Hang in there, keep smiling, don't let it beat you, be positive.....
These are all things I have said to others when they have been feeling low or their health problems appear to be getting the better of them, I also say them to myself on the days when getting out of bed seems to be too hard to contemplate or the pain reaches levels where I just want to scream.
'keep going' is my mantra, act normally, behave as if you are coping and maybe just maybe you can fool your head into thinking you're not really having the most god awful day.
Sometimes it works, I go out when I'm sure my body isn't going to allow me to, I smile at friends/family who come round even though inside I may be screaming in pain and at times I manage to forget briefly that my body is packing up on me bit by bit.
And so it was today, Tuesday is the one day a week when I set aside my health problems, life's frustrations etc and go to the town with my mum, it's a day that holds such importance to us both.
For mum it gives her a few hours to be herself away from dad and her normal day to day routine and she also makes the most of having the car there and back and loads up with the heavy items they would otherwise have problems carrying home. Quite frankly Tesco would go bust if it were not for my mum filling her trolley in there every Tuesday, I keep pointing out that she is only shopping for two people not an army but the trolley remains as full week in and week out.
For me it is my opportunity to spend quality time alone with my mum, we talk and laugh and pull the world to pieces each week as we sit in BHS and partake of a roll and coffee.
Strange how once a week becomes a norm to people isn't it? The bakers we go to every Tuesday before heading to BHS know us and know that we have 1 cream donut and 1 cream puff and that 1 week it's mums turn to pay for the cakes and the following week it's my turn. The ladies there joke with us every week as they duly wrap our cakes that one week one of us will have something different and mess the system up but we don't as we are creatures of habit.
The ladies that serve us in BHS know what we will have, they know that mum likes extra butter with her roll and that we both prefer apricot jam to strawberry if they have it. They greet us like friends every week and turn a blind eye to the fact that we bring a cake in from elsewhere and eat it there at the same table each week.
I must at this point tell you what actually happened to mums cream slice this morning.....
I removed it from the bag as I always do, the box came apart and the cream puff fell out of the box, bounced once on the table onto my leg before coming to rest in two pieces cream down on the floor at my feet. I did offer to scrape the cream up off the table and my leg and the floor before giving it to mum but she declined my kind offer and I ended up sharing my donut with her instead.
This morning I woke up at 7.30 after a not too bad night, infact I only remember having to get up once in the night which is pretty good for me these days.
Trevor was still sleeping and between us as she often is in the morning was Molly, she wagged her tail as I moved slowly testing my joints to see if they would let me get out of bed yet.

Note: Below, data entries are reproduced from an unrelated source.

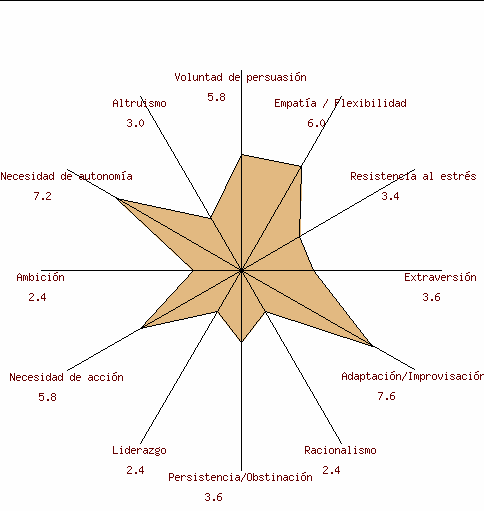 Test de Personalidad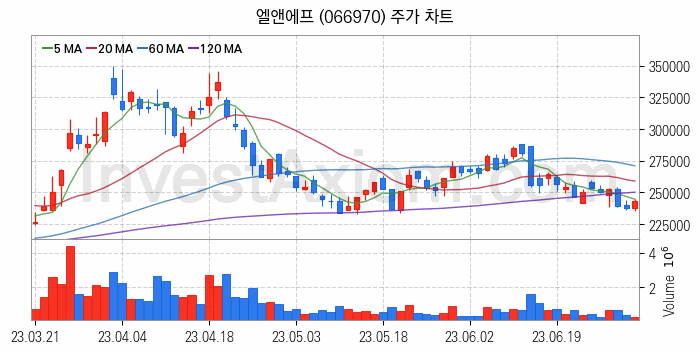 2차전지 LFP 리튬인산철 관련주 엘앤에프 주식 종목의 분석 시점 기준 최근 일봉 차트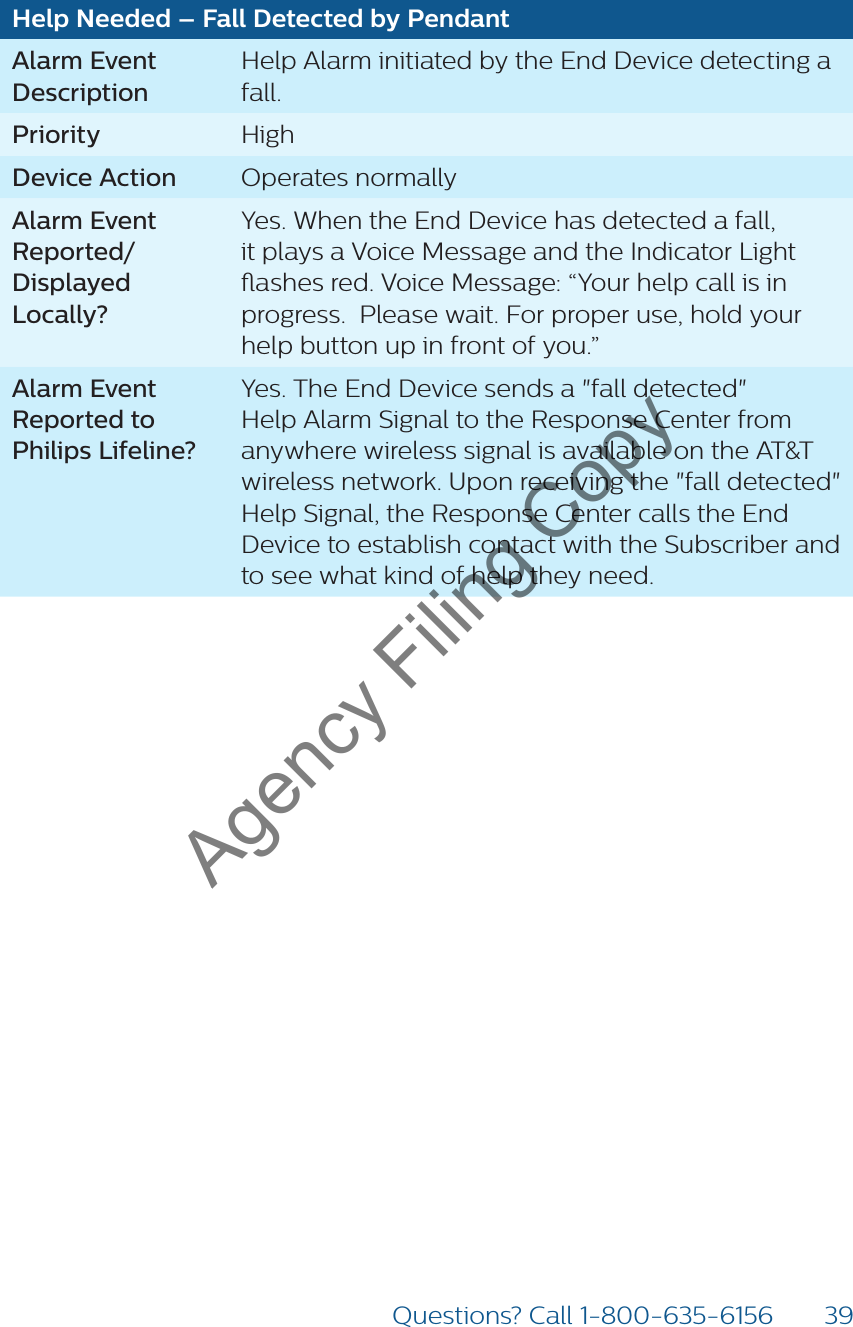 39Questions? Call 1-800-635-6156Help Needed – Fall Detected by PendantAlarm Event DescriptionHelp Alarm initiated by the End Device detecting a fall.Priority HighDevice Action Operates normallyAlarm Event Reported/ Displayed Locally?Yes. When the End Device has detected a fall, it plays a Voice Message and the Indicator Light ashes red. Voice Message: “Your help call is in progress.  Please wait. For proper use, hold your help button up in front of you.”Alarm Event Reported to Philips Lifeline?Yes. The End Device sends a &quot;fall detected&quot; Help Alarm Signal to the Response Center from anywhere wireless signal is available on the AT&amp;T wireless network. Upon receiving the &quot;fall detected&quot; Help Signal, the Response Center calls the End Device to establish contact with the Subscriber and to see what kind of help they need.Agency Filing Copy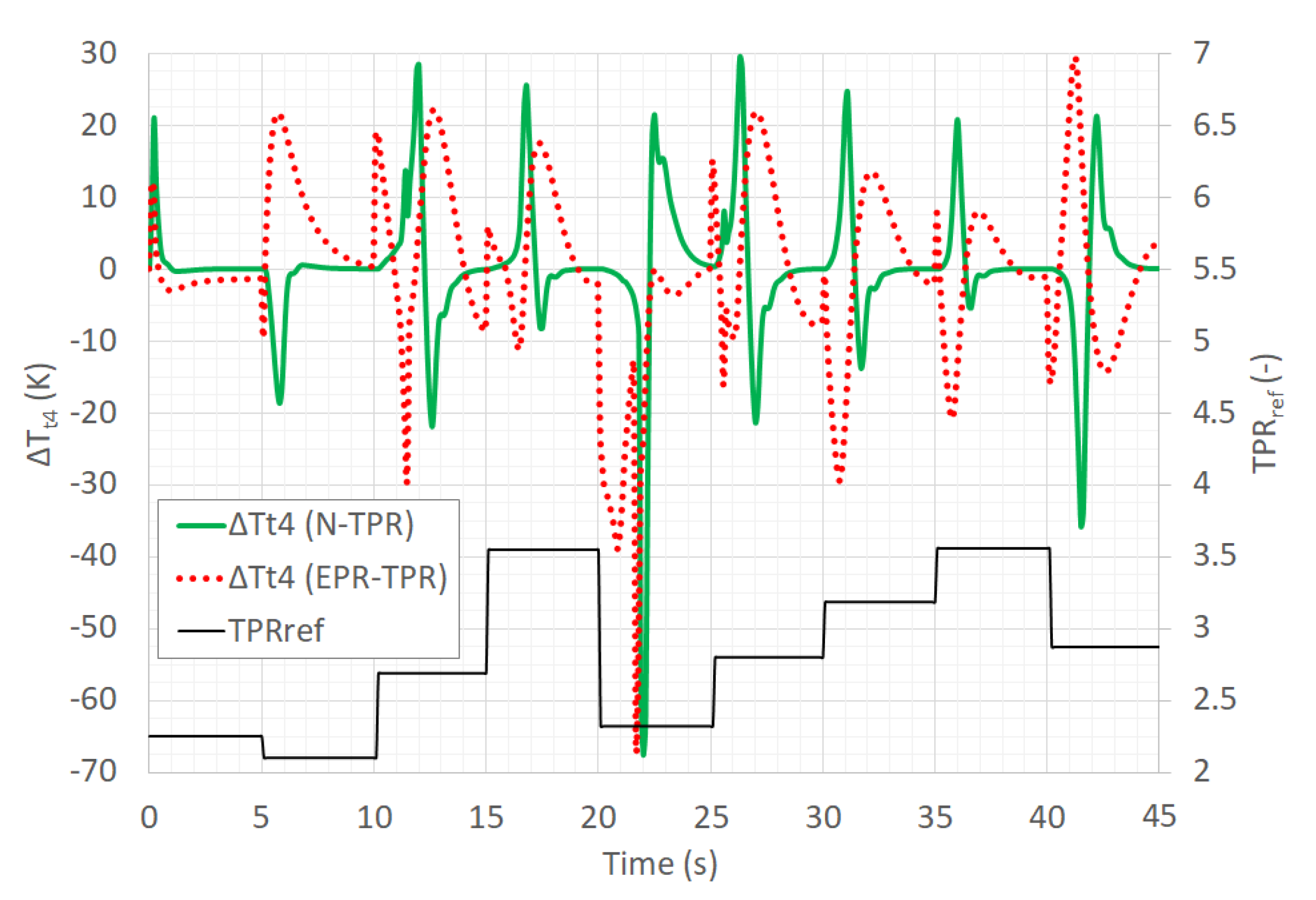 Energies 13 04841 g009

Usually I take my Meds and wait an hour or so for them to kick in but I don't have that luxury on a Tuesday as we try to pick mum up around 9ish so we can get to town before it gets too busy.
I knew it wasn't going to be an easy day as the pain down my left side suggested a bus had run me over at some stage during the night, my right side is not as advanced in the condition as the left side yet so I'm guessing it was only a mini that hit that side!
I mutter to myself as I get ready trying to convince myself that I can make it, that if I only get out I will actually start to feel better and so the chatter begins, it goes something like this....
'if I can just get through the morning I will give in to it this afternoon'
'it's only today, tomorrow if I still feel this rough I will allow myself to stay in bed longer'
'if I pretend not to notice how much this shoulder is hurting it will stop'
'come on girl, just get on with it, don't let it stop you going out with your mum'
'make the effort, what are you? Some kind of wimp?'
And so that annoying voice goes on, pushing me to make that extra effort, forcing me to pretend that I am ok, making me carry on as normal as possible.
Is it a good thing?
Well yes I think we all need a voice that encourages us to live as fully as we are able, and yes it would be so easy to give in to this at times.....
Why though is that wrong?
Because maybe some times we need to just be 'too sick' to do things
Sometimes we need to stop pretending and let others see just how awful things are for us.
Sometimes it is ok to 'not' be so strong and the screaming you are doing internally should be heard, needs to be heard.
But not today......because today was town with mum Tuesday.